Cyberpunk 2077: Ketika Distopia Terasa Kosong dan Sekadar Visual Belaka

Cyberpunk

Cyberpunk 2077 adalah realisasi dunia futuristik yang mengesankan, tetapi hal itu datang dengan harga yang mahal. Cerita yang menarik dan dunia yang detail dibayangi oleh banyaknya bug, penulisan yang misoginis, dan mekanisme permainan yang terasa terlalu familiar. Beberapa dari masalah ini sangat mendasar dan terlalu sulit untuk diabaikan, meskipun di permukaan permainan ini menawarkan kisah kriminal yang mendebarkan.

Seperti karya besar dalam genre cyberpunk lainnya, Cyberpunk 2077 mempertanyakan apa artinya menjadi manusia dan merenungkan dampak dari masyarakat yang dijalankan oleh mega korporasi yang memiliki kendali terlalu besar. Namun, kegagalan terbesar dari Cyberpunk adalah tidak pernah membawa ide-ide ini ke tingkat yang lebih dalam, menjadikannya terasa dangkal dalam latar yang hanya tampak menarik secara permukaan mengajukan pertanyaan menarik, tapi gagal menjawabnya dengan penuh pemikiran.

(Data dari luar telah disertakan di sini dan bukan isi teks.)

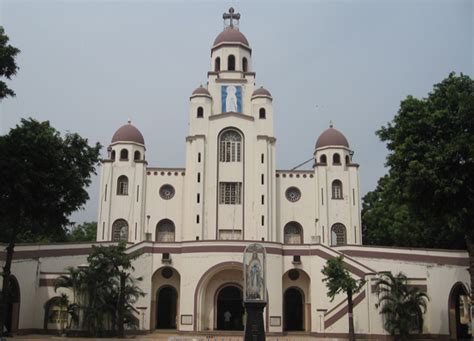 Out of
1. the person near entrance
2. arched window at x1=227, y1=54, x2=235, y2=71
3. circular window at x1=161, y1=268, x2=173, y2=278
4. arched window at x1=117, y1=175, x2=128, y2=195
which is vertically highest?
arched window at x1=227, y1=54, x2=235, y2=71

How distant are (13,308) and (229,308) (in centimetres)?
1329

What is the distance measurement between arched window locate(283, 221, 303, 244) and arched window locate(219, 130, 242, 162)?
6778mm

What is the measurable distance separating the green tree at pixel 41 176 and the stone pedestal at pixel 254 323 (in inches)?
461

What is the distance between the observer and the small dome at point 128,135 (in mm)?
46656

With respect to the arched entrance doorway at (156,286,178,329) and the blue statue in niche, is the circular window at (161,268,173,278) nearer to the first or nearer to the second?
the arched entrance doorway at (156,286,178,329)

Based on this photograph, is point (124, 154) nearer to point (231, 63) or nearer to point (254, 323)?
point (231, 63)

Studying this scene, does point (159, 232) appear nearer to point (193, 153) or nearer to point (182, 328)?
point (193, 153)

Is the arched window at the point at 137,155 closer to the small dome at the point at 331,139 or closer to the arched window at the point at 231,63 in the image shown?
the arched window at the point at 231,63

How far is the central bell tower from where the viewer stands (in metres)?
43.0

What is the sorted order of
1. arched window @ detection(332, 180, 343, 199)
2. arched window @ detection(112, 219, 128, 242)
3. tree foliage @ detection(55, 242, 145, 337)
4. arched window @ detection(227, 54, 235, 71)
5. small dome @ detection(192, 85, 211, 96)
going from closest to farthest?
1. tree foliage @ detection(55, 242, 145, 337)
2. arched window @ detection(112, 219, 128, 242)
3. small dome @ detection(192, 85, 211, 96)
4. arched window @ detection(332, 180, 343, 199)
5. arched window @ detection(227, 54, 235, 71)

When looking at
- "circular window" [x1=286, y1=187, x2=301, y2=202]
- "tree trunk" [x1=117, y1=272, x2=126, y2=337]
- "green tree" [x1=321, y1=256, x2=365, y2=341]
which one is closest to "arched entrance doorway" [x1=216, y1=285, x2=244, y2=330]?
"tree trunk" [x1=117, y1=272, x2=126, y2=337]

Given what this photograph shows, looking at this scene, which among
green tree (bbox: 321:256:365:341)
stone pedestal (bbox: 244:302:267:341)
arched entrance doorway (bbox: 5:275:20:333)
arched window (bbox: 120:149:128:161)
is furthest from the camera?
arched window (bbox: 120:149:128:161)

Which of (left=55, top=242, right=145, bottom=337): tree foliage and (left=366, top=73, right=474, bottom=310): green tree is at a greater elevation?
(left=366, top=73, right=474, bottom=310): green tree

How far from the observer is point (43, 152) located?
2650 centimetres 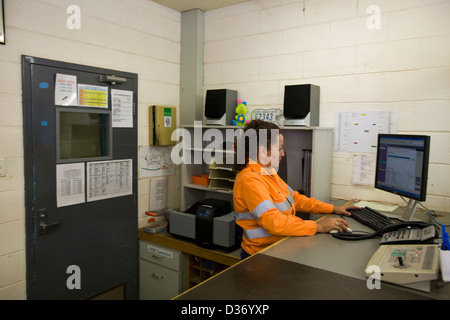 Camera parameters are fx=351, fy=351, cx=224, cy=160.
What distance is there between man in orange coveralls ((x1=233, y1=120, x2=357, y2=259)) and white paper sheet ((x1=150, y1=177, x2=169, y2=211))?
1427mm

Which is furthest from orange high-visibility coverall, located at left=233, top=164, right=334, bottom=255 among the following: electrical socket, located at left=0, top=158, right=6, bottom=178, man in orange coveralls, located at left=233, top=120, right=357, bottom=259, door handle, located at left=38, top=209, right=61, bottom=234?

Objektifikasi, misalnya, digunakan sebagai alat kerakusan korporat, dan terlihat di mana-mana: dalam obrolan orang-orang di jalan, iklan televisi, dan email yang Anda baca. Hampir setiap NPC yang Anda ajak bicara bersikap kasar, melontarkan hinaan kepada Anda. Saya membayangkan sikap ini berasal dari frustrasi dalam dunia yang penduduknya merasa terpinggirkan; tetapi perbedaan kelas, ras, kemiskinan, atau isu-isu terkait lainnya, nyaris tak diberikan sorotan. Implikasi dari latar cyberpunk jarang diperiksa secara bermakna. Hasilnya adalah dunia distopia yang kejam hanya demi menjadi kejam. Dunia ini hanya dianggap sebagai sebuah fakta dan tidak akan berubah.

Untuk melukiskan betapa kotornya kota ini, Cyberpunk mengandalkan penderitaan kaum minoritas, terutama perempuan, untuk memperindah dunia slot 303 bawah tanah Night City yang jorok. Sering kali saya menemui karakter feminin di jalan yang berjalan dengan animasi berlebihan, pinggul bergoyang seolah-olah mereka adalah model di atas catwalk. Di waktu lain, saya melihat pria yang menahan perempuan yang terlihat mabuk atau dibius, merasa bingung dengan maksud dari adegan tersebut, dan merasa jijik ketika saya tidak bisa melakukan apa pun untuk campur tangan.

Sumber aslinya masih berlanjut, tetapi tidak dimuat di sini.